### The problem
Write out, please, each line from the one containing "Soft-Sided Dog &" to the final line of the data, both included, exactly and without pictures.

### Data for this task
▼▼▼
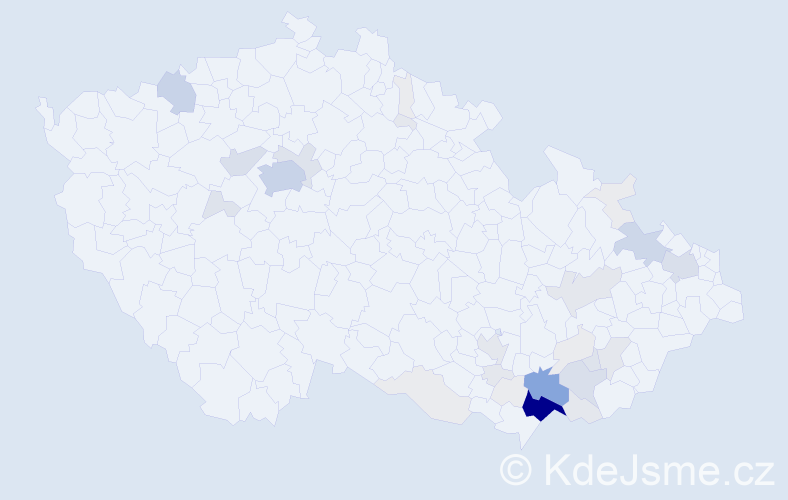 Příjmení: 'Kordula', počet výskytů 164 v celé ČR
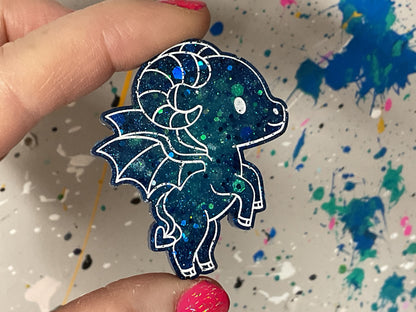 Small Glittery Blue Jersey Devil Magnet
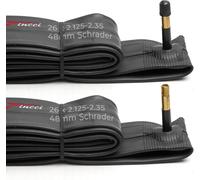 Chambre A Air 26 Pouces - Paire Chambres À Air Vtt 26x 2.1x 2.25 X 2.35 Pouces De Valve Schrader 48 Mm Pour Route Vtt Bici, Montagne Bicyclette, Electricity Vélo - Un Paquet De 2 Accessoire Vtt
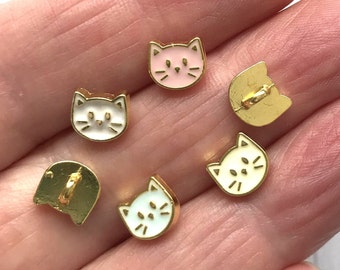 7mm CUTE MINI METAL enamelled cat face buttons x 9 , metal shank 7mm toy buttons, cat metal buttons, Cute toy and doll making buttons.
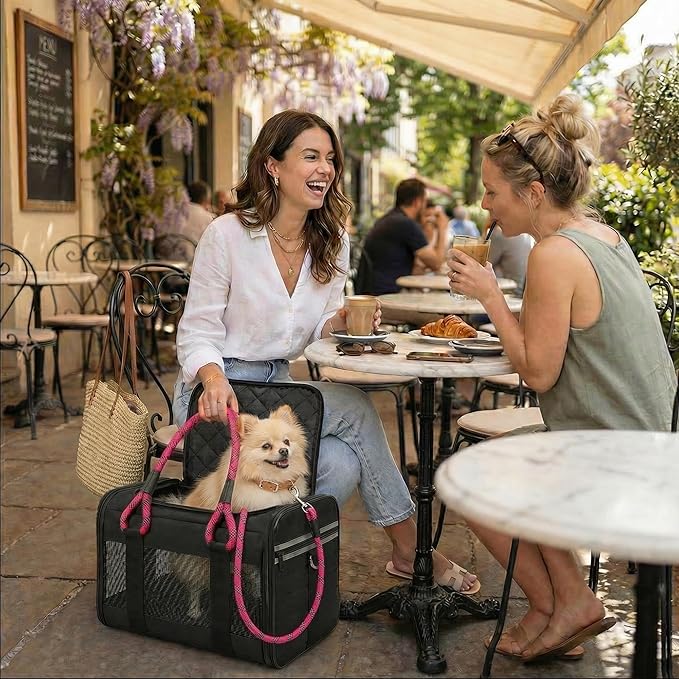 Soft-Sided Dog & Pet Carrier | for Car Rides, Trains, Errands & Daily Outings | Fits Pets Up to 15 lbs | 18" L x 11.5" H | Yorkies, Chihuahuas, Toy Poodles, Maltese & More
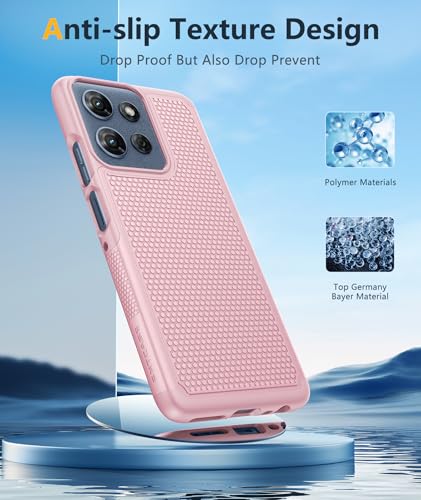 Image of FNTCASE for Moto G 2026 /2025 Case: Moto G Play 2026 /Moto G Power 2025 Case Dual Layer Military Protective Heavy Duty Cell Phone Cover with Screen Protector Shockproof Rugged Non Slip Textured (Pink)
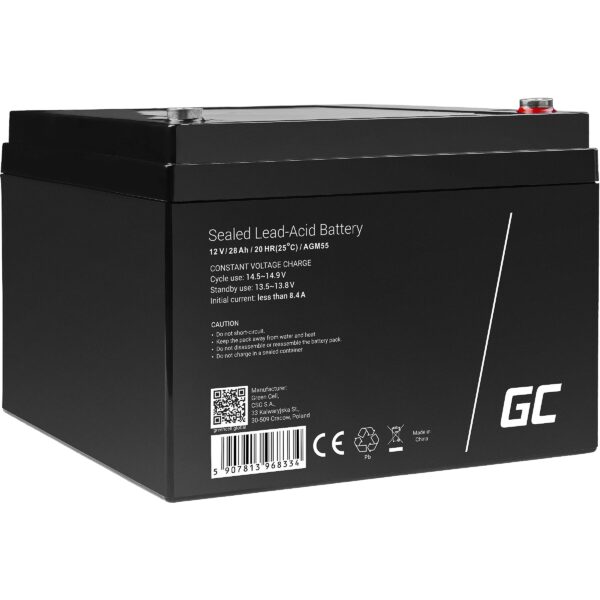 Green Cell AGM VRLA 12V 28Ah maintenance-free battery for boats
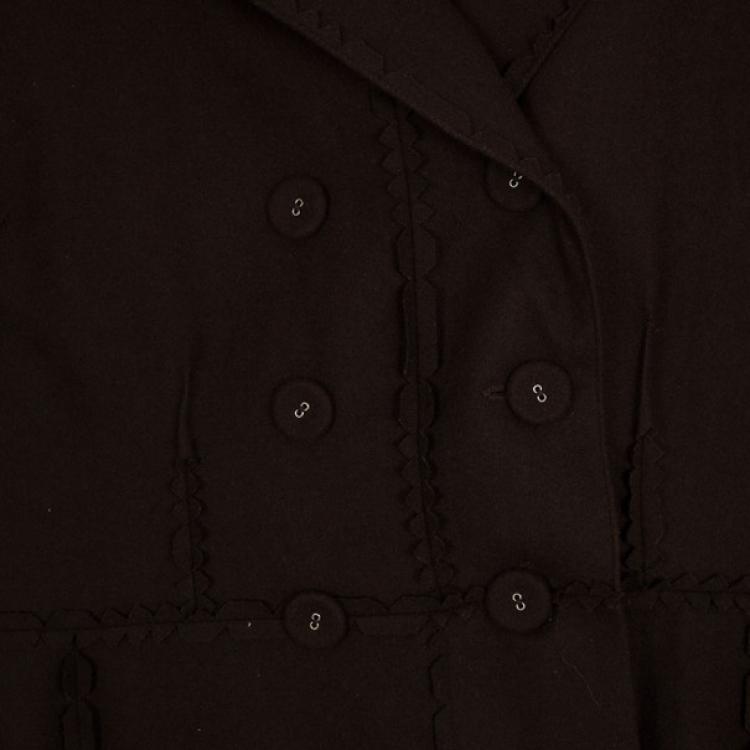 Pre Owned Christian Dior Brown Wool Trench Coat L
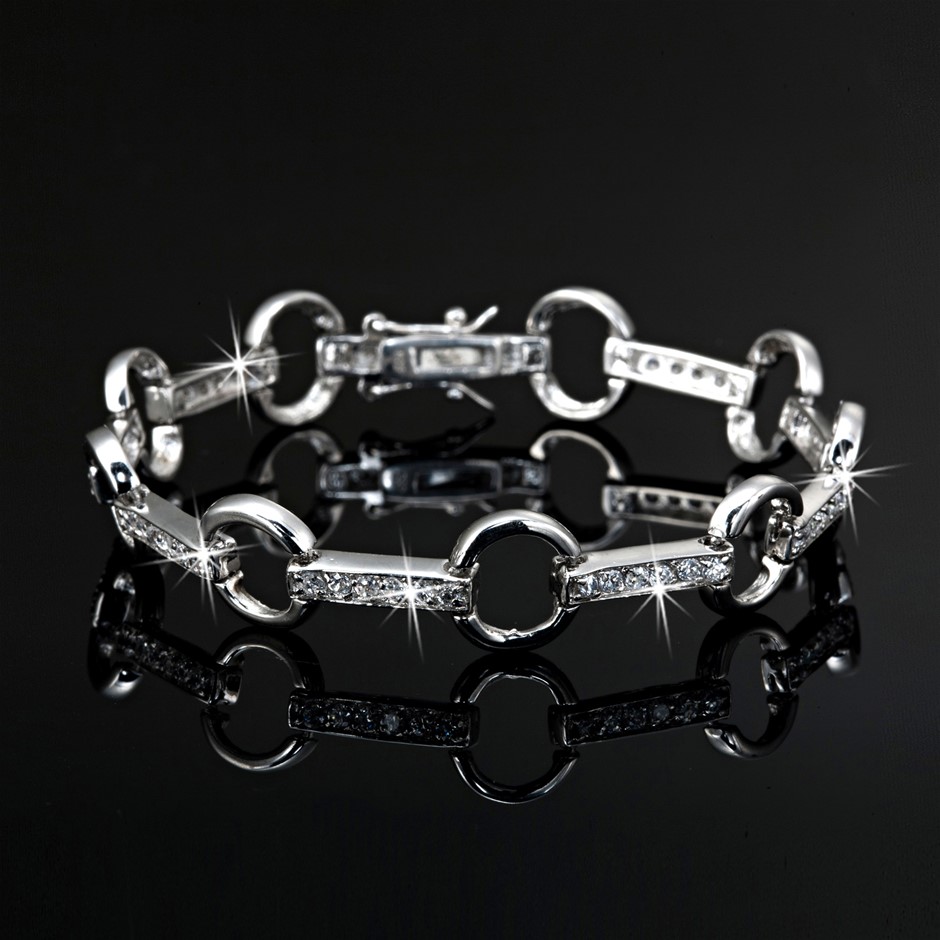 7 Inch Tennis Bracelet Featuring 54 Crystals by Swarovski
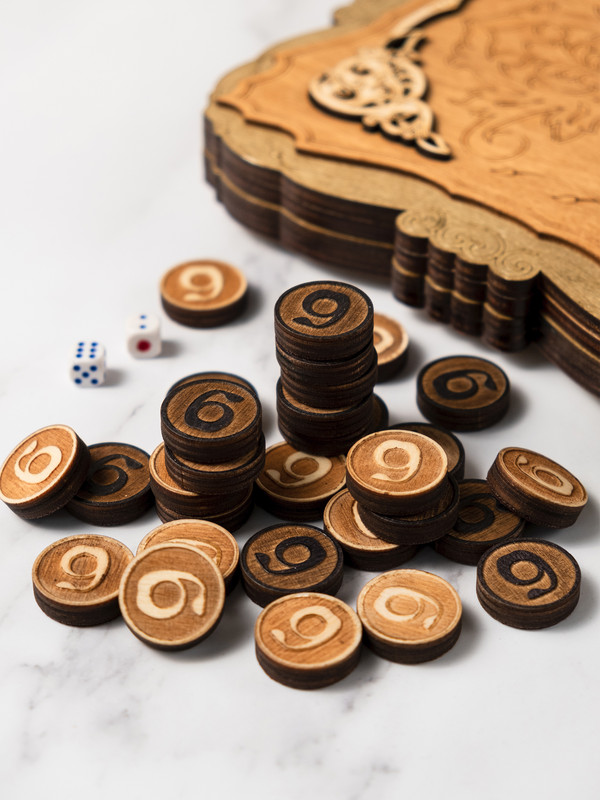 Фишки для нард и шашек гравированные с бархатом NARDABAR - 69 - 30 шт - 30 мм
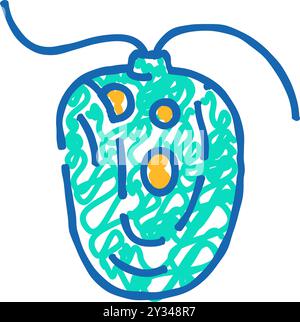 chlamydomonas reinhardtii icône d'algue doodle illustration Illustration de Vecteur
▲▲▲
### Your solution
 Soft-Sided Dog & Pet Carrier | for Car Rides, Trains, Errands & Daily Outings | Fits Pets Up to 15 lbs | 18" L x 11.5" H | Yorkies, Chihuahuas, Toy Poodles, Maltese & More
 Image of FNTCASE for Moto G 2026 /2025 Case: Moto G Play 2026 /Moto G Power 2025 Case Dual Layer Military Protective Heavy Duty Cell Phone Cover with Screen Protector Shockproof Rugged Non Slip Textured (Pink)
 Green Cell AGM VRLA 12V 28Ah maintenance-free battery for boats
 Pre Owned Christian Dior Brown Wool Trench Coat L
 7 Inch Tennis Bracelet Featuring 54 Crystals by Swarovski
 Фишки для нард и шашек гравированные с бархатом NARDABAR - 69 - 30 шт - 30 мм
 chlamydomonas reinhardtii icône d'algue doodle illustration Illustration de Vecteur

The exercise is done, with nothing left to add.